The final diagnosis was pancreatic adenocarcinoma in 38 (76%), neuroendocrine tumor in 4 (8%), chronic pancreatitis in 3 (6%) patients. The sensitivity for PM with Franseen needle was 0.91 [95% confidence interval (CI): 0.80-0.98], vs 0.8 (95%CI: 0.67-0.91) (P = 0.025) with standard needle. The specificity for PM did not differentiate. The accuracy of the standard needle for PM was 0.80 (95%CI: 0.66-0.90), and the Franseen group was 0.90 (95%CI: 0.78-0.97) (P = 0.074). The technical success rates for the standard and Franseen needle groups were 94% (95%CI: 0.83-0.99) and 100% (95%CI: 0.92-1.00), respectively. The mean total tissue area in mm2 (SD) was greater in the Franseen group, 2.07 (0.22) vs 1.16 (0.17) (P < 0.01). The mean tumor area in mm2 (SD) was not different in Franseen group vs standard group, 0.42 (0.09) vs 0.47 (0.09) (P = 0.80). There were no adverse events.

CONCLUSION

The sensitivity for PM and mean total tissue area, was greater in the as compared with standard needle. The mean tumor area did not differ between the groups.

Key Words: Franseen needle; Standard needle; Endoscopic ultrasound; Pancreatic solid lesions; Rapid onsite evaluation

Core Tip: The main of the study was based in assess the sensitivity of endoscopic ultrasound needles for diagnosing pancreatic malignancy. We found that the diagnostic sensitivity for pancreatic malignancy as well as the mean total tissue area collected was greater with the Franseen needle group compared with the standard needle group. Taking into account, the procedure was done in the absence of an onsite site pathologist for evaluation of the sample collected, bringing important contribution to institutions that do not have pathologist in the examination room.



INTRODUCTION

Endoscopic ultrasound guided fine needle aspiration (EUS-FNA) was initially introduced in the early 1990s and was quickly recognized as the most efficient technique for sampling pancreatic lesions[1].

The use of 22-gauge and 25-gauge needles for solid pancreatic lesions has a sensitivity ranging from 64% to 95%, a specificity ranging from 75% to 100%, and a diagnostic accuracy ranging from 78% to 95%[2,3].

Several strategies have been used to enhance the diagnostic yield of EUS-FNA, such as larger gauge needles[4], rapid onsite evaluation (ROSE)[5], implementation of suction[6], slow withdrawal of the stylet[7], wet suction[8], macroscopic onsite assessment of the material (MOSE)[9], and even the detection of KRAS mutation in the aspirate[10].

The ROSE involves the immediate analysis of the material by the cytopathologist or a cyto technician to guarantee the quality of the aspirated material and even perform a preliminary diagnosis. There is evidence that evaluation at the puncture site by the pathologist increases the diagnostic yield[11], particularly in difficult cases such as lymphoma and association of malignancy with chronic pancreatitis. In a study with 230 patients, the investigators concluded that, in the absence of ROSE, the probability of inconclusive results increased by more than twice (P = 0.03) and by 3 times the number of inappropriate samples for evaluation in block (P < 0.001)[12]. However, availability, logistics, and costs are relevant limitations for the implementation of ROSE in EUS-FNA routine.

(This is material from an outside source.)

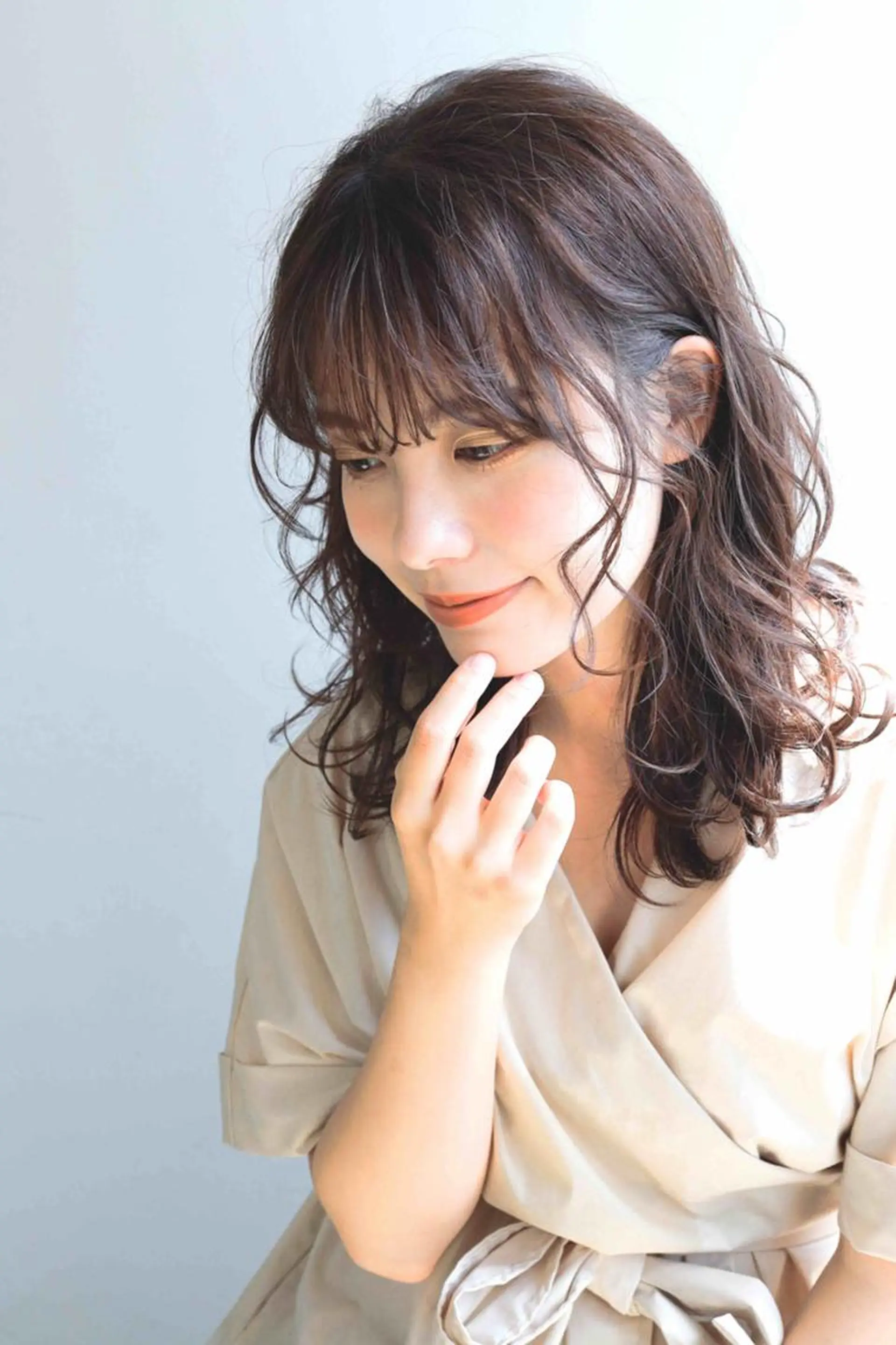 セミロング カラー カット ヘアカラー N° il duca 札幌のヘアスタイル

Recently, the Franseen needle was designed to obtain samples that allow histological rather than cytological analysis. The puncture performed with these needles has been called endoscopic ultrasound-guided fine needle biopsy (EUS-FNB). The Franseen needle features a crown tip, with three symmetrical surfaces that exhibit three cutting edges. This geometry contributes to a long insertion length and crown tip area that aids better tissue acquisition.

In a pilot study with 30 patients, in which EUS-FNB samples were obtained from pancreatic lesions or other solid masses using Franseen needles, adequate samples with diagnostic capacity were confirmed onsite by the pathologist in 96% of patients, with histological diagnoses by cell block in 96.6% of patients[13]. It is possible that the triple cutting edge could provide more tissue volume than the standard 22-gauge needle.

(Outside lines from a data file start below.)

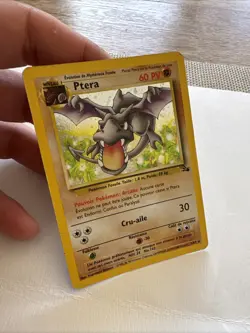 ✅ Carte Pokemon Ptera 1/62 Fossile Edition 1 ED1 VF FR HOLO - Image 4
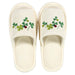 Senko Ivory Ladybug Slippers - Japanese Footwear 63618-Kiichin - The #1 Place for Japanese Goods in Your Hand!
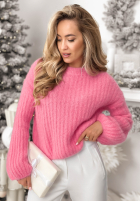 Sveter z szerokimi rękawami Better Than That ružový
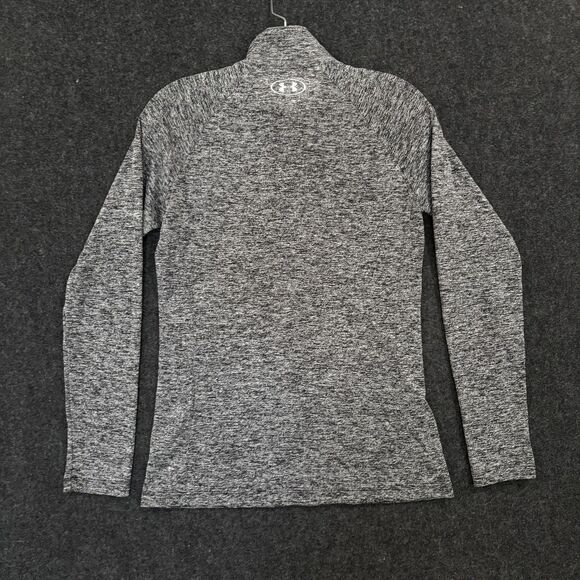 Under Armour Pullover Women's Small Gray Half Zip HeatGear Athletic Running Top - Picture 3 of 8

Some randomized clinical trials (RCT) studies have compared 22-gauge FNB and standard needles for solid pancreatic lesions[14-18]. In the majority of them, ROSE was available.

The objective of this study was to compare the diagnostic accuracy of Franseen 22-gauge needle vs standard 22-gauge needle for EUS-guided sampling of pancreatic solid lesions without ROSE. In most endoscopy units around the world ROSE is not routinely available.

MATERIALS AND METHODS

This was a randomized study conducted at the Instituto do Cancer do Estado de Sao Paulo between December 2019 and January 2023 (registration number at clinicaltrials.gov: NCT04877340). The study protocol was approved by the institutional review board (No. 26962419.3.0000.0065).

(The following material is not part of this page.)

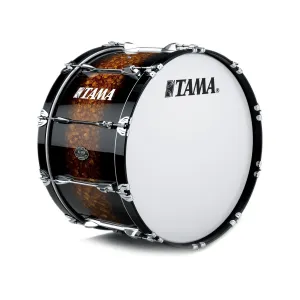 TAMA MB1814L-MCB 18x14inch Fieldstar Marching Bass Drum, Molten Caramel Burst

Patients with suspected solid pancreatic lesions larger than 15 mm, identified by tomography or magnetic resonance imaging, referred for EUS-guided sampling were eligible for inclusion. Patients willing to participate provided a written informed consent. Patients were submitted to a minimum of two passes with the standard needle and two passes with the Franseen needle. The order of the use of the needles was randomized using permutation blocks.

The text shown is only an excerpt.